── EXTRACTED RECORDS

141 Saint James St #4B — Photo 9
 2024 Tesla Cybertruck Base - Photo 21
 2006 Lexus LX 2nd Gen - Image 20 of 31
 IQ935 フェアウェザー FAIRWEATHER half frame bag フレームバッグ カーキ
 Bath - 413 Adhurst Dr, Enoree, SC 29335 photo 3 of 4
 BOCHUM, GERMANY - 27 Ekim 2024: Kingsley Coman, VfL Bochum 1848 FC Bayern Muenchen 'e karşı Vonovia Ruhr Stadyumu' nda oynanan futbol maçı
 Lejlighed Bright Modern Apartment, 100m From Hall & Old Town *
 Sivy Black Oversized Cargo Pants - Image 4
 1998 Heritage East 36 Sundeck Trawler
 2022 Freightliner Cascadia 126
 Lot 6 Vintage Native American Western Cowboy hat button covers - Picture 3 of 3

────

AIM OF THE EXERCISE: Please reproduce, word for word, every line from the line with "2024 Tesla Cybertruck Base - Photo 21" to the final line above, including both ends.

SOLUTION TO THIS EXERCISE:
 2024 Tesla Cybertruck Base - Photo 21
 2006 Lexus LX 2nd Gen - Image 20 of 31
 IQ935 フェアウェザー FAIRWEATHER half frame bag フレームバッグ カーキ
 Bath - 413 Adhurst Dr, Enoree, SC 29335 photo 3 of 4
 BOCHUM, GERMANY - 27 Ekim 2024: Kingsley Coman, VfL Bochum 1848 FC Bayern Muenchen 'e karşı Vonovia Ruhr Stadyumu' nda oynanan futbol maçı
 Lejlighed Bright Modern Apartment, 100m From Hall & Old Town *
 Sivy Black Oversized Cargo Pants - Image 4
 1998 Heritage East 36 Sundeck Trawler
 2022 Freightliner Cascadia 126
 Lot 6 Vintage Native American Western Cowboy hat button covers - Picture 3 of 3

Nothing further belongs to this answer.